It almost seems trite to say that one year’s leading sector is destined to be the following year’s laggard, but utilities sector doubters might be apt to say that sleepy group is unlikely to repeat its impressive 2014 performance in 2015.

The Utilities Select Sector SPDR (NYSEArca: XLU), the largest utilities exchange traded funds, surged 24.4% in 2014, more than doubling the 11.4% gained by the S&P 500. XLU also edged the Health Care Select Sector SPDR (NYSEArca: XLV) for top honors among the nine sector SPDR ETFs. [Meet This Year’s Best Utilities ETF]

XLU’s stellar 2014 showing was aided in large part by a 28.3% decline by 10-year Treasury yields. With many market strategists betting on Treasury yields climbing in 2015, XLU and rival utilities ETFs may seem vulnerable heading into the new year. While a rate hike by the Federal Reserve is not a foregone conclusion (just review the predictions made at the end of 2013 for reference), charts indicate investors should approach XLU with some caution to start 2015.
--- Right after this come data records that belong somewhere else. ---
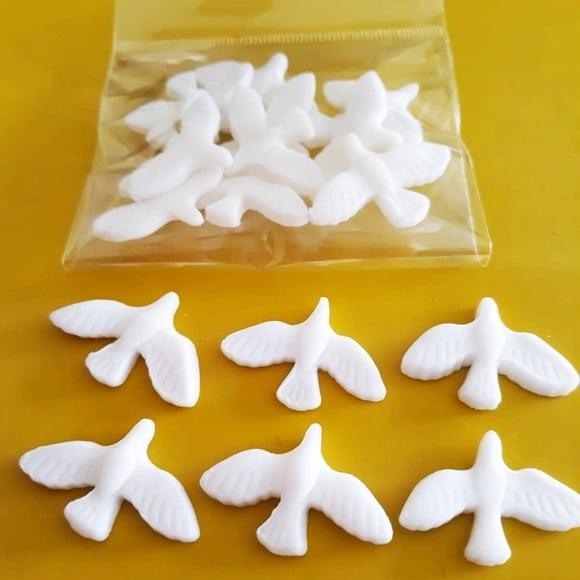 50 Pombinhas de Pasta Americana para Decorar Doces Batizado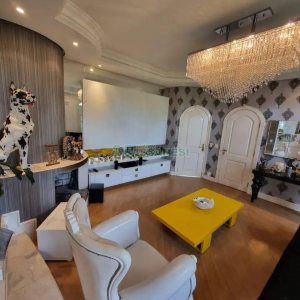 Casa Mobiliada com 320m², 3 dormitórios, 3 vagas, no bairro Vinhedos em Caxias do Sul para Alugar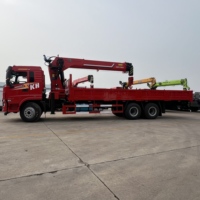 Grue montée sur camion |   Camion de 12 tonnes, 270 CV, rayon d'action de 18 m, caisse de chargement de 8,5 m, version 6 roues motrices disponible pour les opérations en montagne et sur terrains difficiles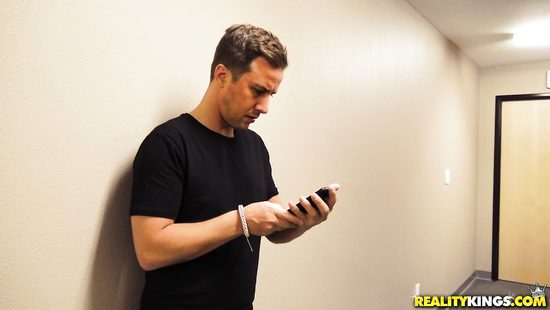 Тёлка под крэком сосет и трахается в общажном туалете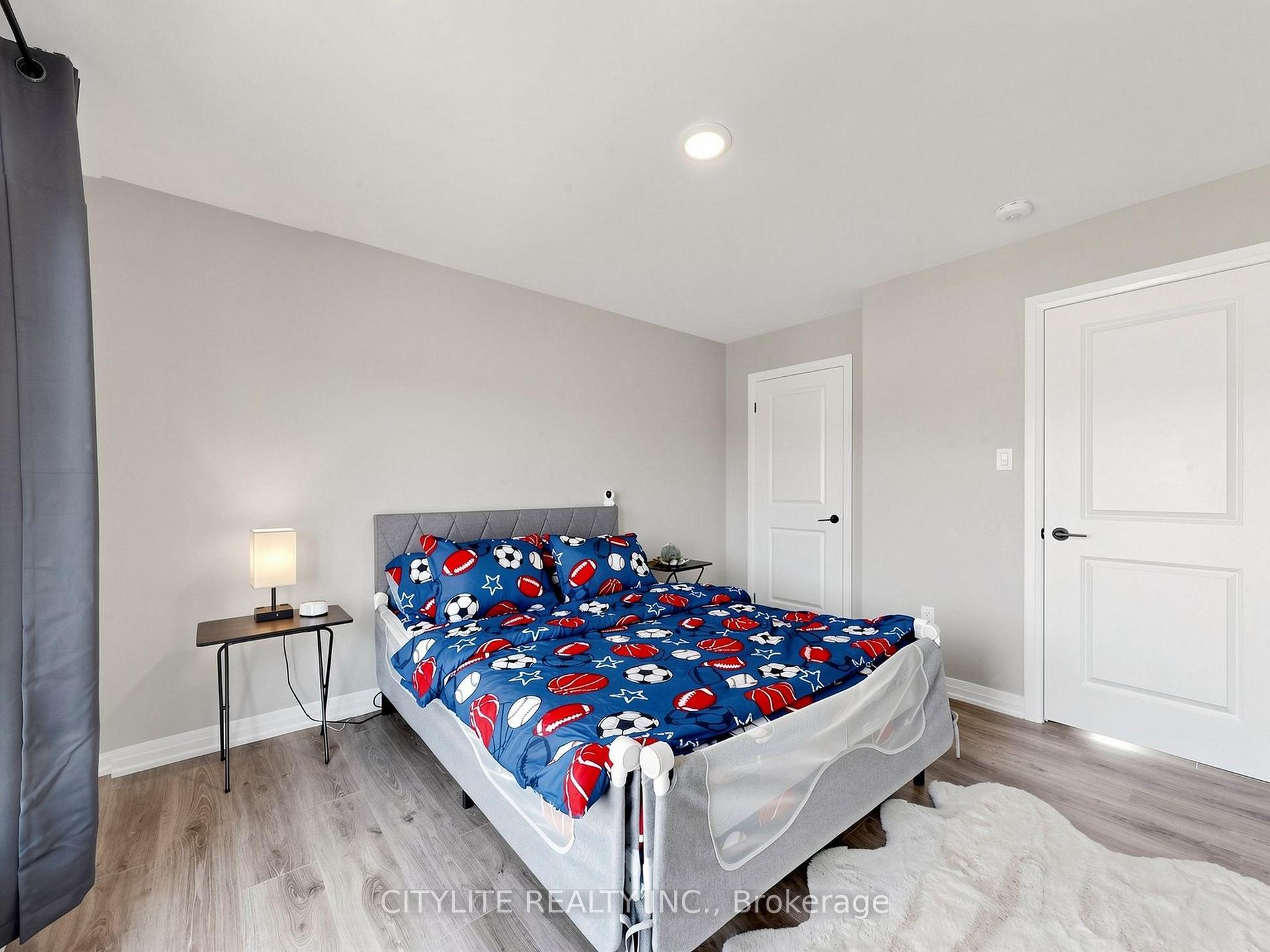Photo 22 of 38 Ambereen Place, Clarington, Bowmanville — HOMEH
“When it comes to juiced up performance in 2014, Utilities come to mind,” said Chris Kimble of Kimble Charting Solutions. “This strong rally has XLU up against 5-year channel resistance, with momentum lofty and it could be creating a bearish wick at these key price point.”

With that cautionary technical tale comes caution on the fundamental side as well. Utilities stocks are pricey and although that is usually the case, the sector is now expensive relative to its historical standards.

“Based on data compiled by FactSet, utilities trade at roughly 18 times forward expected earnings. That’s even higher than its previous peak of 17.2 in May 2007,” reports Lawrence Lewitinn for CNBC.